THE PROBLEM
For this exercise, retype all the data exactly and exclude every image.

DATA

*** Begin section ***

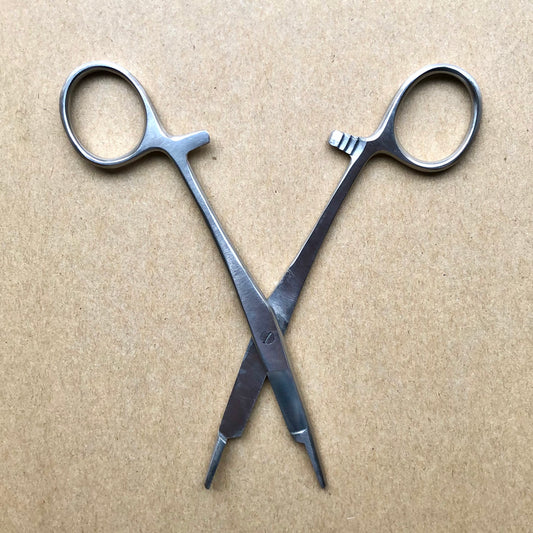 Clamp & Cut Scissors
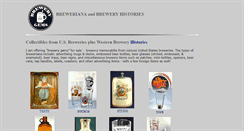Desktop Screenshot of brewerygems.com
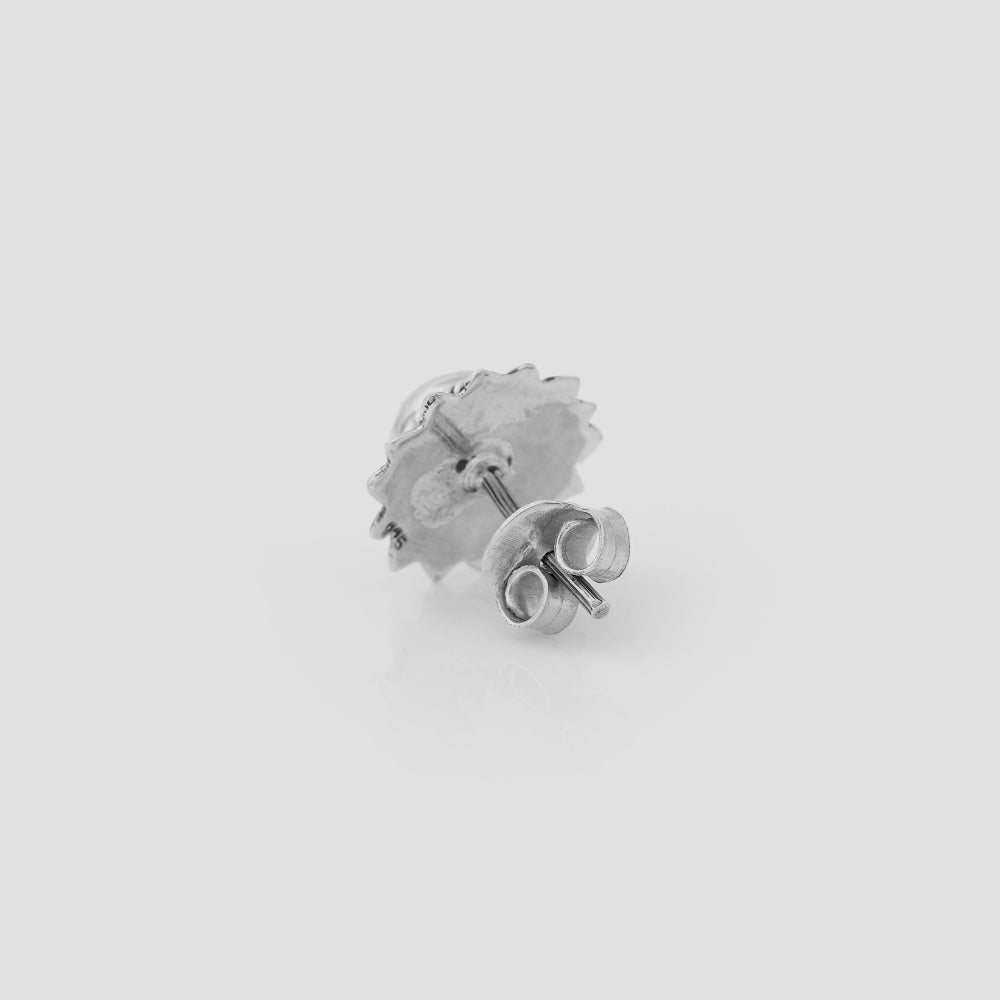 Sunflower Pearl Studs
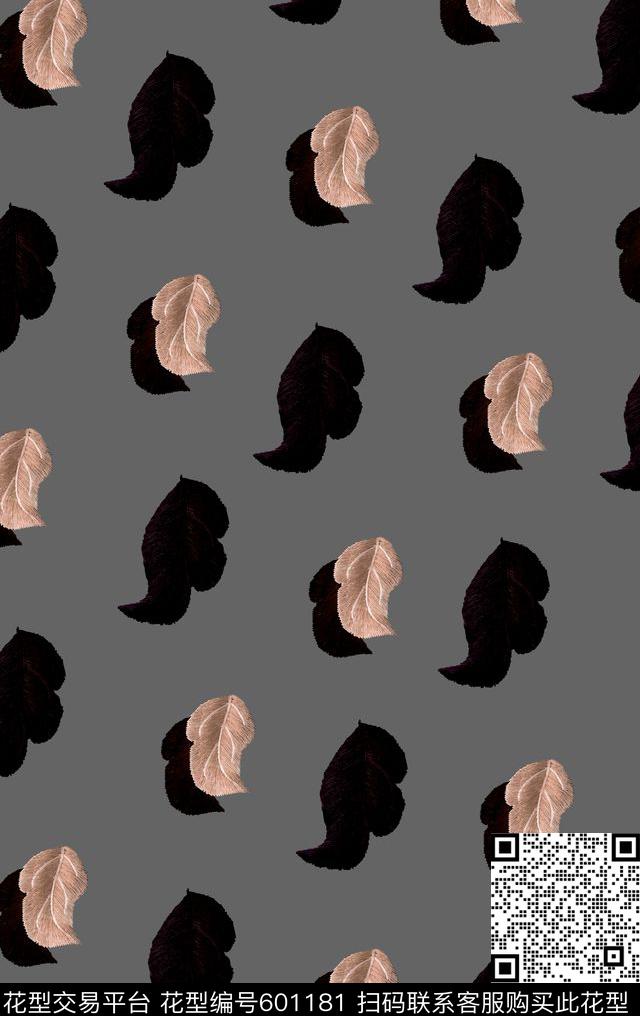 男女装华亿平台纹理刺绣数码印花华亿平台下载（图片编号: 601181） - 瓦栏（Walan）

*** End section ***

RESPONSE AREA
 Clamp & Cut Scissors
Desktop Screenshot of brewerygems.com
 Sunflower Pearl Studs
 男女装华亿平台纹理刺绣数码印花华亿平台下载（图片编号: 601181） - 瓦栏（Walan）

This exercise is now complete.